Stored data section start

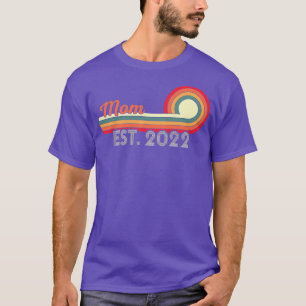 Womens Mom est T-Shirt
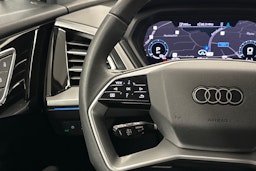 valkoinen Audi Q4 e-tron 2024 kuva 18.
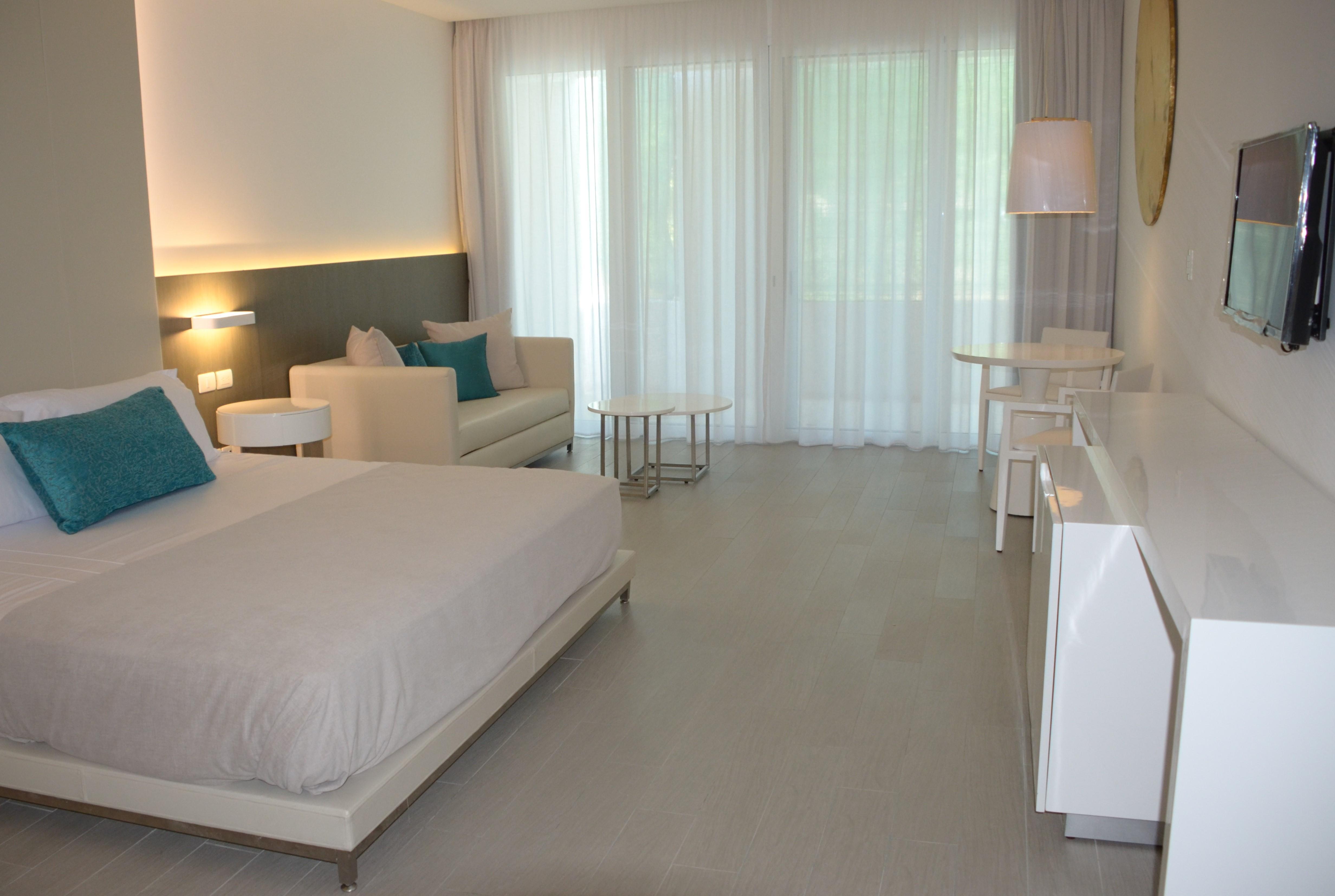 Platinum Yucatan Princess Adults Only Playa del Carmen Dış mekan fotoğraf A room at the hotel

Stored data section end

• **Description of the task**
Your answer must be the full listing, word for word, minus any images.

• **Response area**
 Womens Mom est T-Shirt
 valkoinen Audi Q4 e-tron 2024 kuva 18.
 Platinum Yucatan Princess Adults Only Playa del Carmen Dış mekan fotoğraf A room at the hotel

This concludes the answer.